The Fairhope City Council voted July 24 to award its conditional disaster debris removal and disposal contract to the lowest responsive and responsible vendor — D&J Enterprises Inc. of Auburn — effectively ending an arrangement the city had since 2012 with State Sen. Trip Pittman, who chose not to seek another term in the Legislature this year in favor of a bid for the U.S. Senate.
The annual contract must be rebid every three years, but extensions can be granted to existing contractors within the three-year time frame. Pittman said unlike last year, he was never approached about exercising an extension on his existing contract, which was approved in 2015. Rather, he received new bid documents in January.
“That was our notification that [the city] was going to seek new bids,” he said. “We just made the decision to — with what was going on with the state budget and possibly running for [the U.S. Senate] seat — just decided not to rebid.”
At the City Council meeting July 24, Council President Jack Burrell lamented Mayor Karin Wilson’s decision to rebid, noting D&J’s low bid of just under $1.8 million is still $115,000 more than it would cost to extend Pittman Tractor Co.’s contract for an additional year.
“Every nickel we save is a nickel earned in this city,” Burrell said, before Wilson defended her decision by stating the extension needed to be negotiated before the contract expired earlier this month.
“I’ve talked to Trip and he chose not to bid, but he didn’t send a letter to negotiate the extension either,” Wilson said. “Regardless, if I’m going to ask for something to be re-bid, because I want fresh eyes and new opportunity for all, because I’m a new mayor, there’s nothing wrong with that.”

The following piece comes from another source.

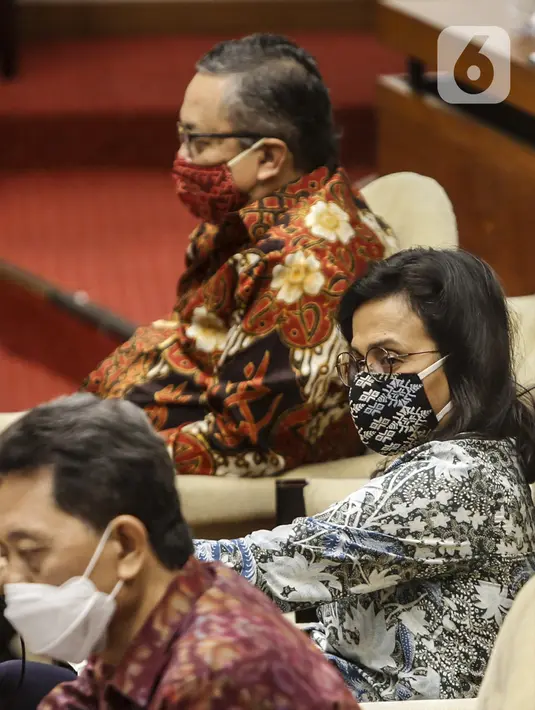 Menteri Keuangan Sri Mulyani (tengah), Gubernur Bank Indonesia Perry Warjiyo (kiri) dan Kepala Eksekutif Pengawas Perbankan OJK Heru Kristiyana (kanan) saat rapat kerja dengan Komisi XI DPR di Kompleks Parlemen, Senayan, Jakarta, Senin (24/8/2020). (Liputan6.com/Johan Tallo)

Wilson and Burrell both acknowledged any “savings” Pittman’s contract would have generated were purely hypothetical, as the contract only pays out if a natural disaster indeed occurs. But Burrell shot back, accusing Wilson of playing politics.
“I think the reason you did it … you did it because you wanted Pittman Tractor Company out,” he said, “We all know why you did it — you wanted him out. … We know what we’re doing on this, our staff knows what they’re doing on this. We didn’t need an attorney to look at this.”

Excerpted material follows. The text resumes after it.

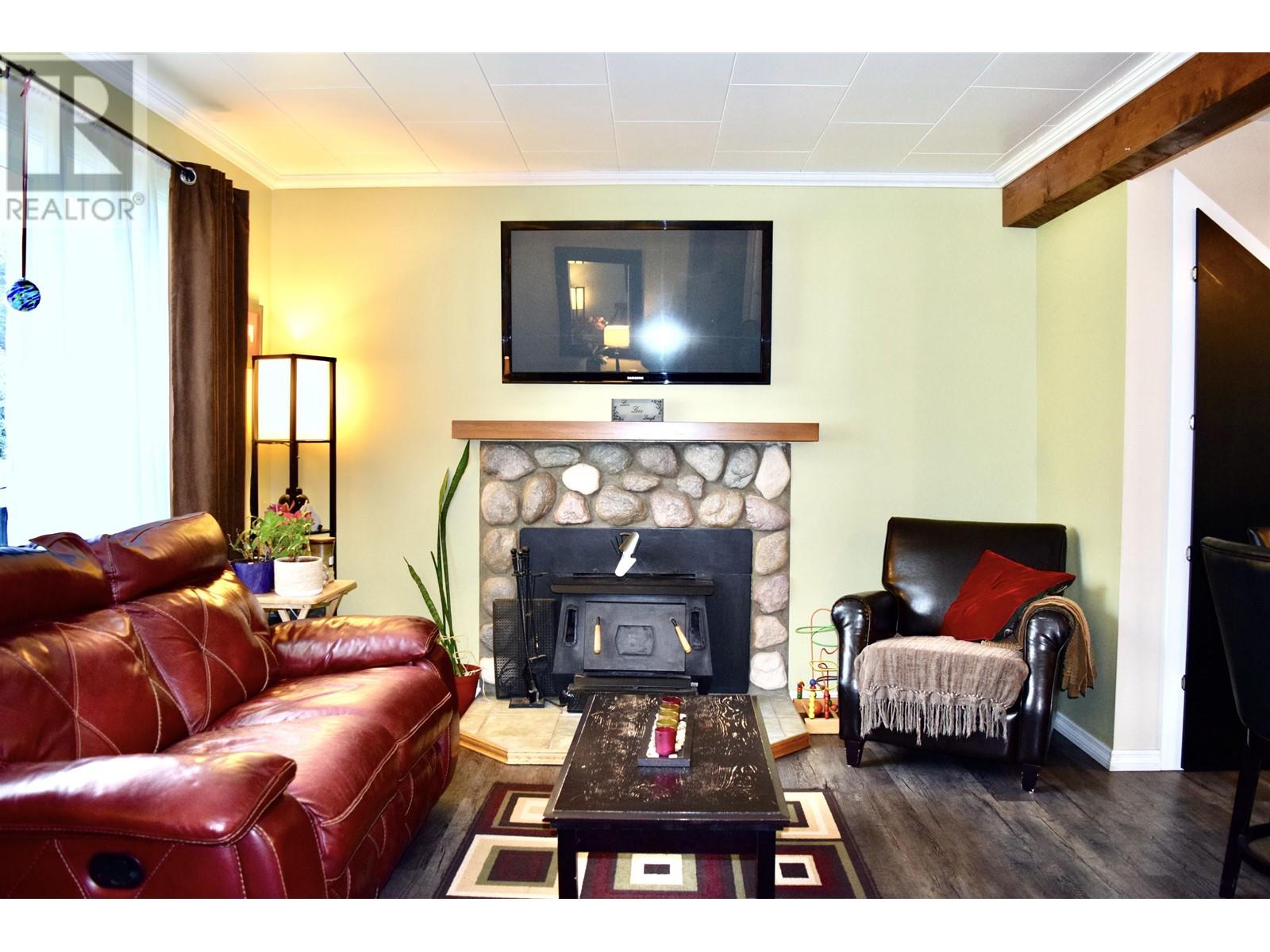 4935 Agar Avenue Property Photo 20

Burrell said if the city does have to exercise the contract with D&J, “it will cost the city money for no good reason at all.”

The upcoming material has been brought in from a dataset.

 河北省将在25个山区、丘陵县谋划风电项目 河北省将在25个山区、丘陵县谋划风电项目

Talking over each other, Wilson called Burrell’s comments “out of line” and said she “spent a lot of unnecessary time doing it because it came in so late.”
“I’m doing this for the city, OK? Having these options for the city is important and it’s not because I didn’t want Pittman to have the contract — everybody has a fair chance to rebid when I request a rebid.”
The council — including Burrell — voted unanimously to award the new contract to D&J.